Town in the commune of Schuttrange in Luxembourg

Munsbach (Mënsbech, locally Minsbech, /lb/; Münsbach /de/) is a small town in the commune of Schuttrange, in eastern region of Luxembourg. As of 2025, the town has a population of 763. The Baroque style Munsbach Castle from 1775 is home to the Institut Universitaire International Luxembourg which provides educational courses in business, European law and public sector management.

==Housing Projects==

In 2023, the "Jugend Wunnengen" housing project in Munsbach was inaugurated by Housing Minister Henri Kox, alongside representatives from Schuttrange municipality and "Wunnengshëllef asbl." This project is part of Schuttrange's ongoing efforts to provide subsidized housing. The initiative involved transforming the "Ernens" house at 30, um Schënnbierg into seven individual units for young adults aged 18 to 27. Managed by Wunnengshëllef, the project aims to support young people who have left their family homes for various reasons, enabling them to continue their education and transition to independent living.

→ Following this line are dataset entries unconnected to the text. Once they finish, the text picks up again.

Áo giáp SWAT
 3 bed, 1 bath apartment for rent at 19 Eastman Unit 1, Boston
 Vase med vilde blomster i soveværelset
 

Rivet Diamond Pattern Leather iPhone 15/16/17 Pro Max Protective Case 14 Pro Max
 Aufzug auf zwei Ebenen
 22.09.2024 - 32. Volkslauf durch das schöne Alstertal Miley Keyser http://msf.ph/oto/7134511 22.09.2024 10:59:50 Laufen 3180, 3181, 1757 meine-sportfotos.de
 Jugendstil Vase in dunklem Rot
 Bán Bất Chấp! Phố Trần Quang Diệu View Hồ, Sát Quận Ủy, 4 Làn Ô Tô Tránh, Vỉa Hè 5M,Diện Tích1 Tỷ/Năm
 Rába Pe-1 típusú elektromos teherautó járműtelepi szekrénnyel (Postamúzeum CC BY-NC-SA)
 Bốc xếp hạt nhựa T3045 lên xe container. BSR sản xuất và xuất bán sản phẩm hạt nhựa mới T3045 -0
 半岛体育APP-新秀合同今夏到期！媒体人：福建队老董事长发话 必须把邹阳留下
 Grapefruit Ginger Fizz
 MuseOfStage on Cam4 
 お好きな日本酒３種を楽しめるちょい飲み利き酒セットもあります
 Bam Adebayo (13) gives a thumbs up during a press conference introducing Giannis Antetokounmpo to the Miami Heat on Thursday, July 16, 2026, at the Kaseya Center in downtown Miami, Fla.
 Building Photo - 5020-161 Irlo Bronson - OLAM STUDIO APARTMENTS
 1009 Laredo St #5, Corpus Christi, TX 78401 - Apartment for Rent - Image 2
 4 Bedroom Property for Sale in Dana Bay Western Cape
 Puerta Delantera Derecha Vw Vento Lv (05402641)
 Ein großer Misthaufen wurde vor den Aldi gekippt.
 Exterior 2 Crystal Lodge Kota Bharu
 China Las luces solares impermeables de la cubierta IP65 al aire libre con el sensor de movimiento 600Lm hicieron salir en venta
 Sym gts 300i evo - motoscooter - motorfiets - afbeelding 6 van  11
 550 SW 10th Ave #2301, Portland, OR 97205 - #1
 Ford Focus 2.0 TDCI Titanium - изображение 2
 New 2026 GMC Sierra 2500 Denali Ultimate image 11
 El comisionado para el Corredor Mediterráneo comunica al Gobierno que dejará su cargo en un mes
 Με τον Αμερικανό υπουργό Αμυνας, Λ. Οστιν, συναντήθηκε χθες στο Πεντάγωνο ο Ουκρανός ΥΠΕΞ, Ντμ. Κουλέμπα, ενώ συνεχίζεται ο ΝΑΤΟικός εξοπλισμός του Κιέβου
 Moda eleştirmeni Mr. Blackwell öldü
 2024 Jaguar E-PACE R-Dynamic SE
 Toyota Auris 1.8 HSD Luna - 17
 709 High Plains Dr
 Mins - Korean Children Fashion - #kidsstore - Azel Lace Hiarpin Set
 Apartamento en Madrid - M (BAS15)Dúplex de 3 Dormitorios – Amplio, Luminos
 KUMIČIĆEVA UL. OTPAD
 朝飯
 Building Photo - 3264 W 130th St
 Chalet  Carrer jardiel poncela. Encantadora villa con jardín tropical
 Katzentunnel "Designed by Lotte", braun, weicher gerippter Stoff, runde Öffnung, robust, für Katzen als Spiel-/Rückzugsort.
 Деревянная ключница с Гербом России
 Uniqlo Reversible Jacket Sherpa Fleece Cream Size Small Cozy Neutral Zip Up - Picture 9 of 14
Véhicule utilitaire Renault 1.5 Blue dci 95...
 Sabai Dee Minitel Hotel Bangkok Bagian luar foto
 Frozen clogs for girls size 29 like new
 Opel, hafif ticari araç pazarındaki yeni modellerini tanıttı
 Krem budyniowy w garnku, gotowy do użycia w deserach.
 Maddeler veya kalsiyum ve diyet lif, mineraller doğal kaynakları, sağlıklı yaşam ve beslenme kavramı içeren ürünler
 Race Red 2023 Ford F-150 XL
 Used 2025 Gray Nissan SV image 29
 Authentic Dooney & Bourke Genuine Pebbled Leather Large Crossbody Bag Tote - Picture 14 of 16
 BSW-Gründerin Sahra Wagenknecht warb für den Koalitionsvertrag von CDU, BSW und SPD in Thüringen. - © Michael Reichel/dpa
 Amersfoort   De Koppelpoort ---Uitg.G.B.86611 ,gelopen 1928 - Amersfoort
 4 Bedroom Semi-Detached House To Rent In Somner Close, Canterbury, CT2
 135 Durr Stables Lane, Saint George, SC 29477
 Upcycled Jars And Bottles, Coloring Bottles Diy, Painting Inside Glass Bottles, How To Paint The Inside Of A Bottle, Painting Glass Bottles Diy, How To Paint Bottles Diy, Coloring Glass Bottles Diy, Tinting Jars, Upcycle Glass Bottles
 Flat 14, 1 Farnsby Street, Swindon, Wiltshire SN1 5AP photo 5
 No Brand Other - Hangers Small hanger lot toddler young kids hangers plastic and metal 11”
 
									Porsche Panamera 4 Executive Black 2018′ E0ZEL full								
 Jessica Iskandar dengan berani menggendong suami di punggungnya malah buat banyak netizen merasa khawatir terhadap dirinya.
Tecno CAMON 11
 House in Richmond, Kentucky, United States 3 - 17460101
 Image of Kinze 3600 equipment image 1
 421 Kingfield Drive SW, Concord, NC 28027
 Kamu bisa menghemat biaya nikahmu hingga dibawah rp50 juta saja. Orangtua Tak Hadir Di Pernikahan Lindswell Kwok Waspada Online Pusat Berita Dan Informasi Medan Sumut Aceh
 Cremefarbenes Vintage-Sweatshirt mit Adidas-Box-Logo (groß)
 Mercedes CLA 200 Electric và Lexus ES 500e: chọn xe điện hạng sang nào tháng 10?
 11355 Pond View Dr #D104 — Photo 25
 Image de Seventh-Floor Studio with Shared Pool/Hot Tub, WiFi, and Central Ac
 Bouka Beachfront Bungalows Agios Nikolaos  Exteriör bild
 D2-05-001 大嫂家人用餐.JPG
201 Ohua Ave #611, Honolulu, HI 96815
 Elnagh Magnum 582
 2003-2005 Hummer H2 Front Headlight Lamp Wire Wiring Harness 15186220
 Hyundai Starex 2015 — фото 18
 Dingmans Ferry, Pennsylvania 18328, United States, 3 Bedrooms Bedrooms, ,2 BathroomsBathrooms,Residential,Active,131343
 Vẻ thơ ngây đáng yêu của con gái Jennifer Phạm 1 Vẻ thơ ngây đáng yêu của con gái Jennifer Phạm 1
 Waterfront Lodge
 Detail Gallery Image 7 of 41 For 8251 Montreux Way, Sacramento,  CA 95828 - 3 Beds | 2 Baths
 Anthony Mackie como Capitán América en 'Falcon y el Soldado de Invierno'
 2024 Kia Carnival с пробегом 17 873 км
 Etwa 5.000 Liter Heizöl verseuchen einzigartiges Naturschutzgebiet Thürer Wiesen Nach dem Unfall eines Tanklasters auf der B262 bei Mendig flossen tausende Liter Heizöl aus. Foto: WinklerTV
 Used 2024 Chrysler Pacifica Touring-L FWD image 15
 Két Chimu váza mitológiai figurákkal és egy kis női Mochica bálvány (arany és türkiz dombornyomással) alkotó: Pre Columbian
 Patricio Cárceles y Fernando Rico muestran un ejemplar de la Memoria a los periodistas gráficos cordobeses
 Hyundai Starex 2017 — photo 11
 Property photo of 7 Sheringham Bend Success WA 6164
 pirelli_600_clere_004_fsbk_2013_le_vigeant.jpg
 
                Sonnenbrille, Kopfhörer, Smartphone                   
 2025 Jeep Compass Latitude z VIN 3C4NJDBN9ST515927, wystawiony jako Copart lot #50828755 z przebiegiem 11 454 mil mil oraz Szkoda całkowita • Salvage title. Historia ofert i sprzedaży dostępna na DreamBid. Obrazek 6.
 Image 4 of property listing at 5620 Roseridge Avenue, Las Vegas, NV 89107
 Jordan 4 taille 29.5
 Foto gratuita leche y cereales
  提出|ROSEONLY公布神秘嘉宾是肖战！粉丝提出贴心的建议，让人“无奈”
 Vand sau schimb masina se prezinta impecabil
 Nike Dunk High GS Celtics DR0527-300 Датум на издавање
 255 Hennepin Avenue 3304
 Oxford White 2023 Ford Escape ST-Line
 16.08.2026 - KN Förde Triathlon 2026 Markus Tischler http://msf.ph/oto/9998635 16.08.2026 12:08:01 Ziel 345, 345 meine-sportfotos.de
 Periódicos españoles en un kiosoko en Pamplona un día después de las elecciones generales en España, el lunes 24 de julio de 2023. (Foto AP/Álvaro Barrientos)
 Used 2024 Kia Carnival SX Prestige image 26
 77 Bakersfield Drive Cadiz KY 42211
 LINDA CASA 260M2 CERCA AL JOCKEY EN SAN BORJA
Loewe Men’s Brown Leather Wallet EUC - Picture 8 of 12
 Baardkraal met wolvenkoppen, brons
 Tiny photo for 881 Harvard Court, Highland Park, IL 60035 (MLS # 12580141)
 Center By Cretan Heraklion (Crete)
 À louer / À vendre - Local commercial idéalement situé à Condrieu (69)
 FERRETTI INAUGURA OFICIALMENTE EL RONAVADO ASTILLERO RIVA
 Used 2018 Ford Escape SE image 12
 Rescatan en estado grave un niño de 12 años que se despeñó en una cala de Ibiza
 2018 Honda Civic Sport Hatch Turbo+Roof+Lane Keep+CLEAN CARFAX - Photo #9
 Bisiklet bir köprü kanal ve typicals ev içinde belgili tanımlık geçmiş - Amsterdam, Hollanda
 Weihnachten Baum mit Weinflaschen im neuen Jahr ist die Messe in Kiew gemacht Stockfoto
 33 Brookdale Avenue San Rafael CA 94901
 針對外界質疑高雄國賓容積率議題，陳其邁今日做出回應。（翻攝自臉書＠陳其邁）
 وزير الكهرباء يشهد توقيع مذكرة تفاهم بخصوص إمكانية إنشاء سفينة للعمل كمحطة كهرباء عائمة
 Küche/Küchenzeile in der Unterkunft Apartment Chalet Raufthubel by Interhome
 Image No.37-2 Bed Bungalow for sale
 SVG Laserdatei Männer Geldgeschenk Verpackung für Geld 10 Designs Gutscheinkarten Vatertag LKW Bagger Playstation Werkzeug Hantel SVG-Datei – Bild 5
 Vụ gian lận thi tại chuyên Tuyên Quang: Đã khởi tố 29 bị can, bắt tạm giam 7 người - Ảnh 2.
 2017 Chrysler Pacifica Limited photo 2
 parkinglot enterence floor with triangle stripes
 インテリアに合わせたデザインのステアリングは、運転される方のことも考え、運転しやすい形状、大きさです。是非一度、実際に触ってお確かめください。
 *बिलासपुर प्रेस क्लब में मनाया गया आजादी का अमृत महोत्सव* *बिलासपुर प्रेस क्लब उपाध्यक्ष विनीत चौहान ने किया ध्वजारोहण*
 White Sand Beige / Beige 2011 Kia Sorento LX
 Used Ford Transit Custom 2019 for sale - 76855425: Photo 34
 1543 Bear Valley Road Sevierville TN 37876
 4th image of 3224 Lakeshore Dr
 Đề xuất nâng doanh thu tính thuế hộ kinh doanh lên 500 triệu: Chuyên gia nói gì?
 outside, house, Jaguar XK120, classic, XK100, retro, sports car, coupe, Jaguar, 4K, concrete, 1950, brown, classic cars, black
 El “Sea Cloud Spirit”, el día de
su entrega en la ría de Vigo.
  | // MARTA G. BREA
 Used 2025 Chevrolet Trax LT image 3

The accommodations are individual rooms within community houses where residents share common areas such as kitchens, living rooms, and bathrooms. Each resident is responsible for their own cleaning, laundry, shopping, and cooking, while everyone participates in maintaining the communal spaces. Weekly meetings with socio-educational staff provide additional support.

Eligibility requirements include being at least 18 years old, being in a situation that hinders continued education at home, and agreeing to psycho-social and school support services from SePAS and Wunnengshëllef. The project is 75% funded by the Ministry of Housing, with the Ministry of National Education, Children and Youth financing the socio-educational support.